■ RECORDS FOR THIS TASK ■
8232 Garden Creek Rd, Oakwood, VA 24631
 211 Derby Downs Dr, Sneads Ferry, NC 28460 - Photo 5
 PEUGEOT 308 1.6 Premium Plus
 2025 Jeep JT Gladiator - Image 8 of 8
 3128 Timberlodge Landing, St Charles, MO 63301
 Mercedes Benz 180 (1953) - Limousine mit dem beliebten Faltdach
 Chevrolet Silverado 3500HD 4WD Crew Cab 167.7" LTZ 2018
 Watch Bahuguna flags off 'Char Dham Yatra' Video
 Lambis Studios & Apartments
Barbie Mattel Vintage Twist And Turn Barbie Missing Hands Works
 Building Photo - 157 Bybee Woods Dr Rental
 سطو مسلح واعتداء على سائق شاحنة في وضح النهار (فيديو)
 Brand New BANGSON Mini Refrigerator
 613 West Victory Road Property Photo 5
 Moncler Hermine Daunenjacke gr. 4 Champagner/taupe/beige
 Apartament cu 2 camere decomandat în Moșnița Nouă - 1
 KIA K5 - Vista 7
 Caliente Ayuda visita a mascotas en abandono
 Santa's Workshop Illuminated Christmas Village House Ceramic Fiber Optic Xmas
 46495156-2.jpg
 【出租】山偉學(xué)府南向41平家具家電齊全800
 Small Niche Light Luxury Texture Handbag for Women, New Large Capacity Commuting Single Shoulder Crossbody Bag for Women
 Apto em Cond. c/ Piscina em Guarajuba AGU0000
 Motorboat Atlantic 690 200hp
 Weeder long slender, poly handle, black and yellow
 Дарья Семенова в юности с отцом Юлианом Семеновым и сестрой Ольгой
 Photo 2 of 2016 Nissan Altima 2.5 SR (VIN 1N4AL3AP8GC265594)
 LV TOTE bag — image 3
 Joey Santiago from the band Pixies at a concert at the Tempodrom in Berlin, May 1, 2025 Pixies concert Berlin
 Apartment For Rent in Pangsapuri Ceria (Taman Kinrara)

■ WHAT IS REQUIRED ■
In your answer, include only the lines above starting at the line that holds "3128 Timberlodge Landing, St" and ending at the line that holds "Barbie Mattel Vintage", copied exactly.

■ REPLY ■
 3128 Timberlodge Landing, St Charles, MO 63301
 Mercedes Benz 180 (1953) - Limousine mit dem beliebten Faltdach
 Chevrolet Silverado 3500HD 4WD Crew Cab 167.7" LTZ 2018
 Watch Bahuguna flags off 'Char Dham Yatra' Video
 Lambis Studios & Apartments
Barbie Mattel Vintage Twist And Turn Barbie Missing Hands Works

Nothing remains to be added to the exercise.